I am trying to improve the performance of the threaded application with real-time deadlines. It is running on Windows Mobile and written in C / C++. I have a suspicion that high frequency of thread switching might be causing tangible overhead, but can neither prove it or disprove it. As everybody knows, lack of proof is not a proof of opposite :).
Thus my question is twofold:
If exists at all, where can I find any actual measurements of the cost of switching thread context?
Without spending time writing a test application, what are the ways to estimate the thread switching overhead in the existing application?
Does anyone know a way to find out the number of context switches (on / off) for a given thread?
While you said you don't want to write a test application, I did this for a previous test on an ARM9 Linux platform to find out what the overhead is. It was just two threads that would boost::thread::yield() (or, you know) and increment some variable, and after a minute or so (without other running processes, at least none that do something), the app printed how many context switches it could do per second. Of course this is not really exact, but the point is that both threads yielded the CPU to each other, and it was so fast that it just didn't make sense any more to think about the overhead. So, simply go ahead and just write a simple test instead of thinking too much about a problem that may be non-existent.
Other than that, you might try like 1800 suggested with performance counters.

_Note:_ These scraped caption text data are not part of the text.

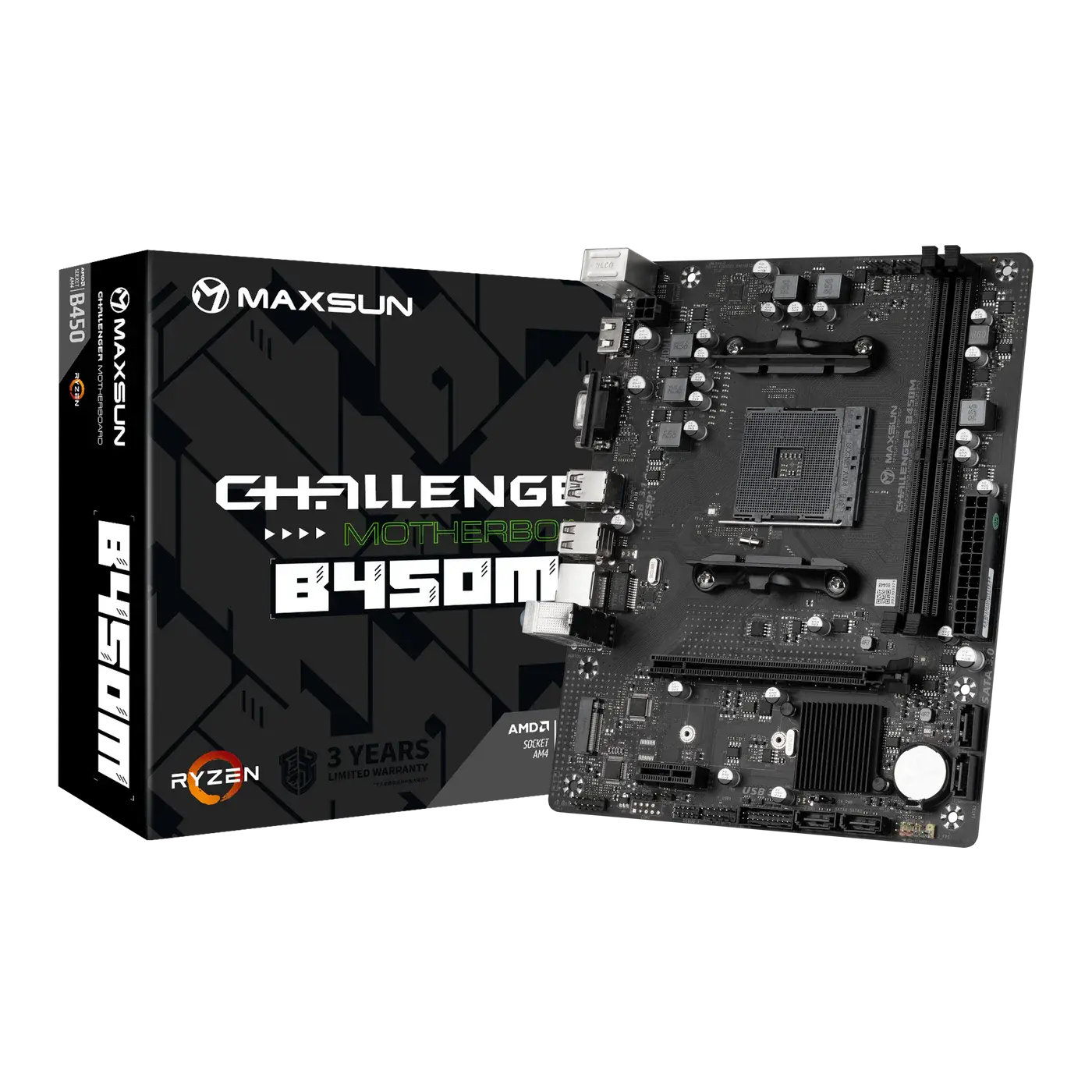 Купити Материнська плата Maxsun MS-Challenger B450M (sAM4, AMD B450, DDR4, mATX) - фото 1
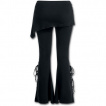 Pantalon Legging pattes d'eph à jupe (2en1) goth-rock noir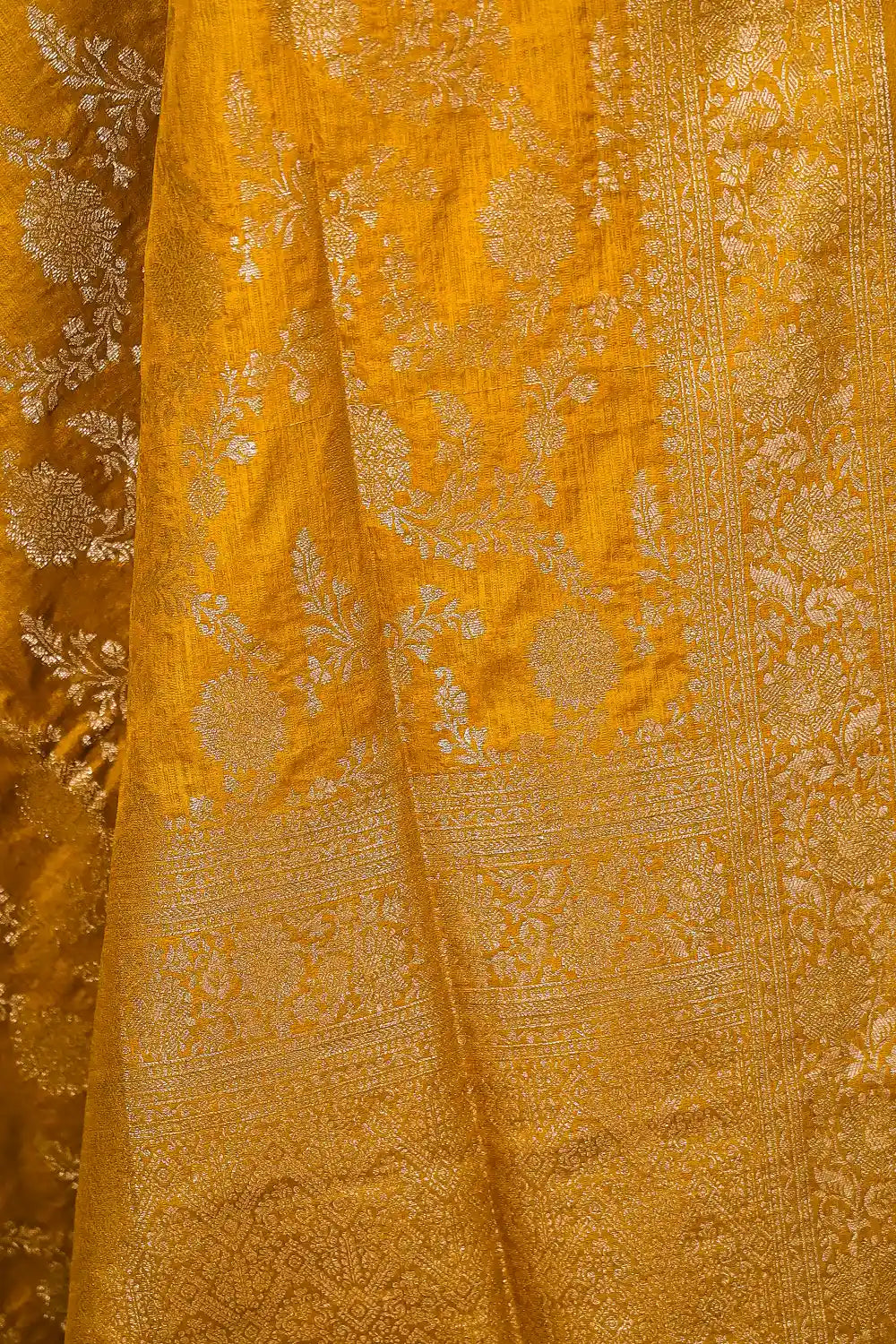 Mustard Yellow Semi Jute Saree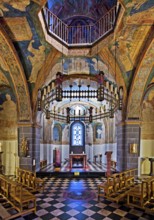 St. Maria and Clemens, Romanesque double church, lower church, view into the choir with ceiling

Oh, and I remember an application running on Windows CE 4.X, where we also have four threads with intensive switching at times, and never ran into performance issues. We also tried to implement the core threading thing without threads at all, and saw no performance improvement (the GUI just responded much slower, but everything else was the same). Maybe you can try the same, by either reducing the number of context switches or by removing threads completely (just for testing).